Forget about Manohla’s pan (seriously: has she just been watching too much Behind the Music?): go read this story on AJ Schnack’s Kurt Cobain: About a Son in the Village Voice, and then, if you have the means, go see the film tonight in New York or this weekend in L.A. To quote the inimitable Camille Dodero:
If Cobain’s death is the 9/11 of the modern-rock canon—an epochal tragedy that recklessly opportunistic minds have flattened into a sad, one-dimensional cartoon—then Gus van Sant’s tedious and arrogant Last Days is the World Trade Center of the posthumous Kurt industry: a fictionalized piece of shit by a big-name director. (And Nick Broomfield’s Kurt & Courtney is the Fahrenheit 9/11.) [...] Here Kurt Cobain, the supernatural songwriting god who discovered that the only true fountain of youth is death, is transmogrified into a mere mortal. This is About a Son’s singular objective, and real accomplishment.

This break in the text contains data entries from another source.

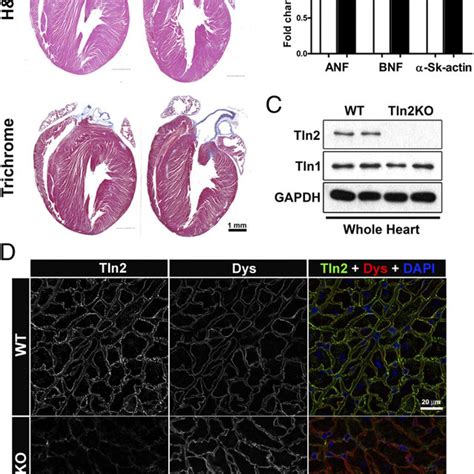 Tln Ko Shows No Alterations In Myocardial Structure Hypertrophic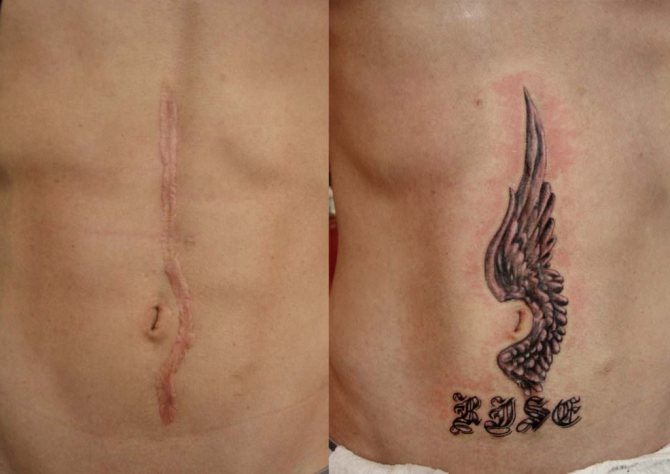Tattoo on scars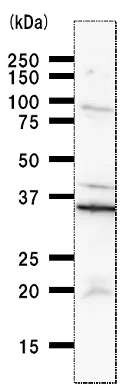 Western blot - Anti-RFXAP antibody [RFXAD55A] (AB51376)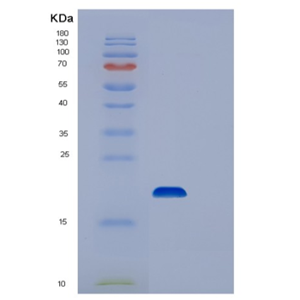 Recombinant Human STEAP4 Protein
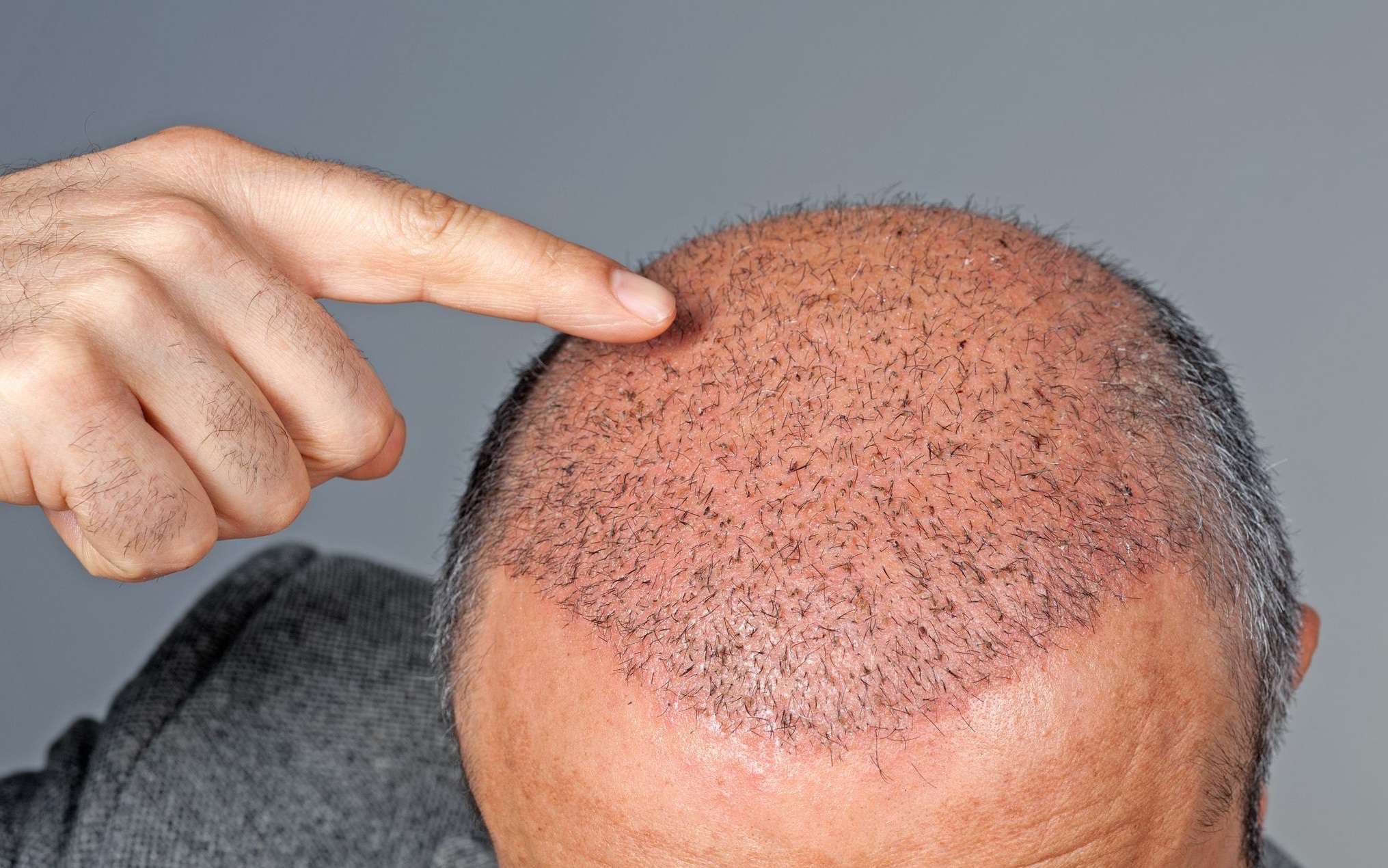 Taboola Ad Example 54488 - The Cost Of Hair Transplant In Turkey Might Surprise You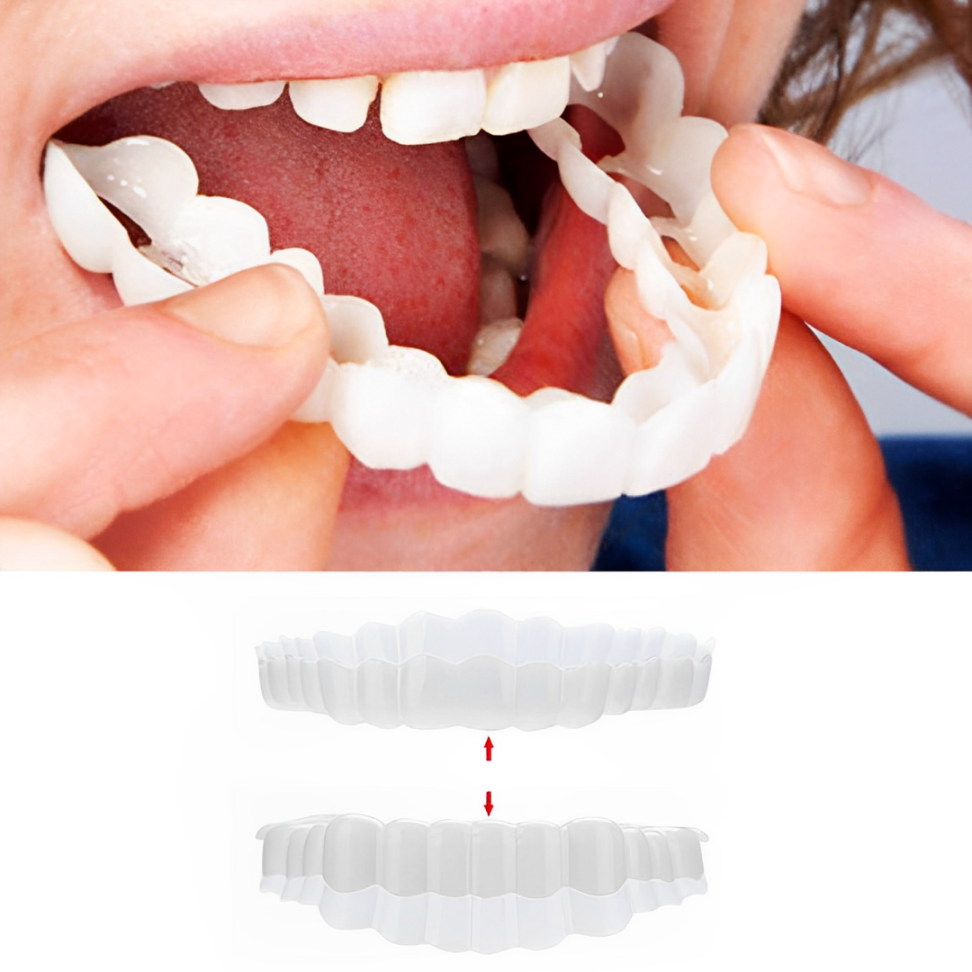 Instant Smile Perfect Veneers Kit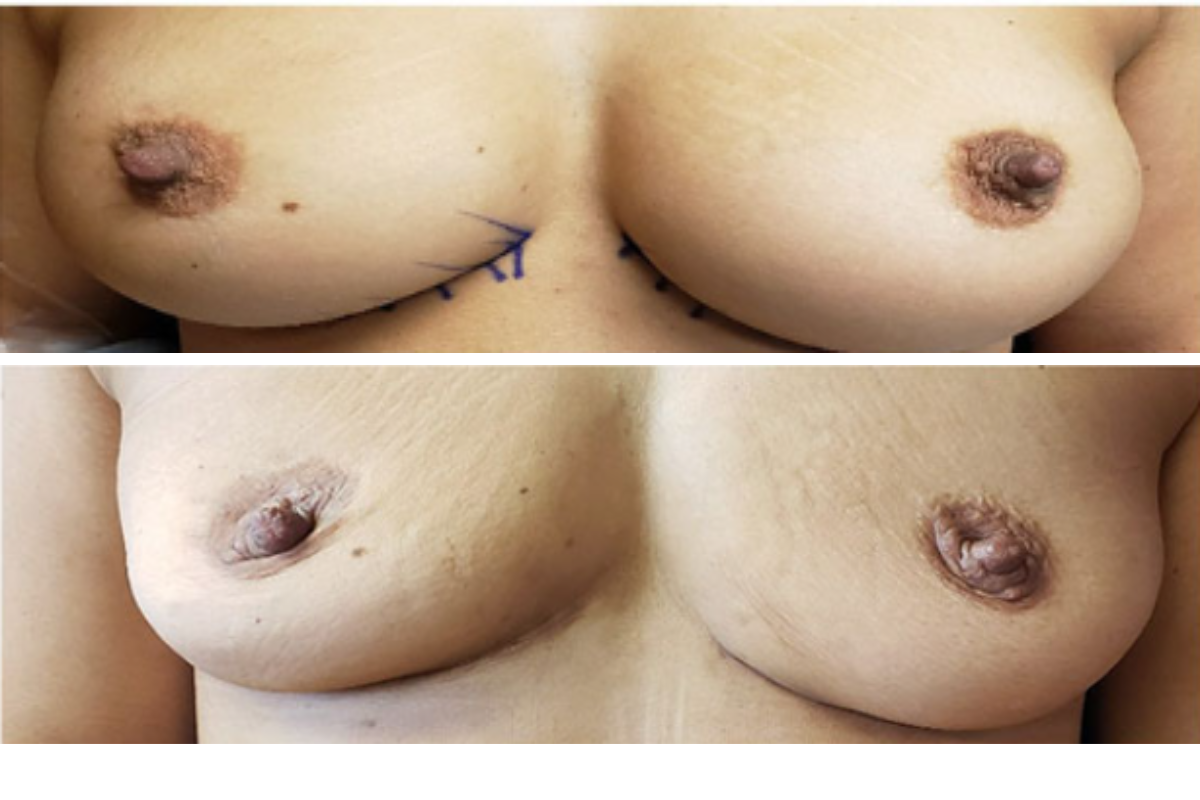 Before and after breast explant with surgical marking indicating incision plan and post-procedure results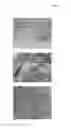 Fig. 10 - Method, systems and kit for forensic identification, post mortem interval estimation and cause of death determination by recovery of dental tissue in physiological conditions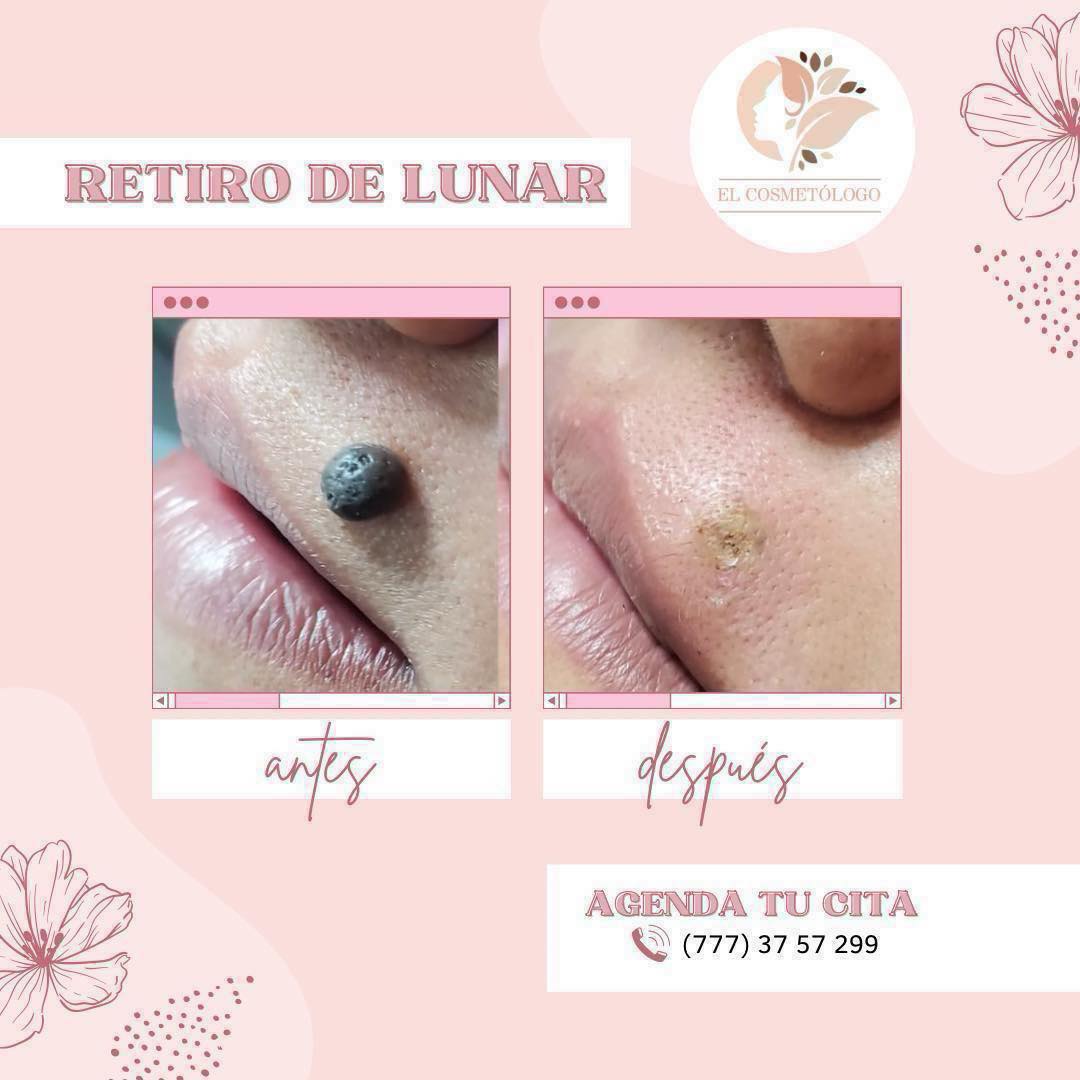 Retiro de lunar - antes y después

We’ll have more on About a Son on Friday’s episode of FilmCouch. Suffice it to say, we’re fans.
I loved About a Son when I saw it at Full Frame. It’s one of the more memorable movies I’ve seen in some time and one of the better music docs I’ve seen in ages.
Dargis completely misses the point on this one. The audio interviews of Cobain humanize him, and the subtle meditation on place–Cobain’s experiences in Aberdeen, Olympia, and Seattle–is particularly powerful.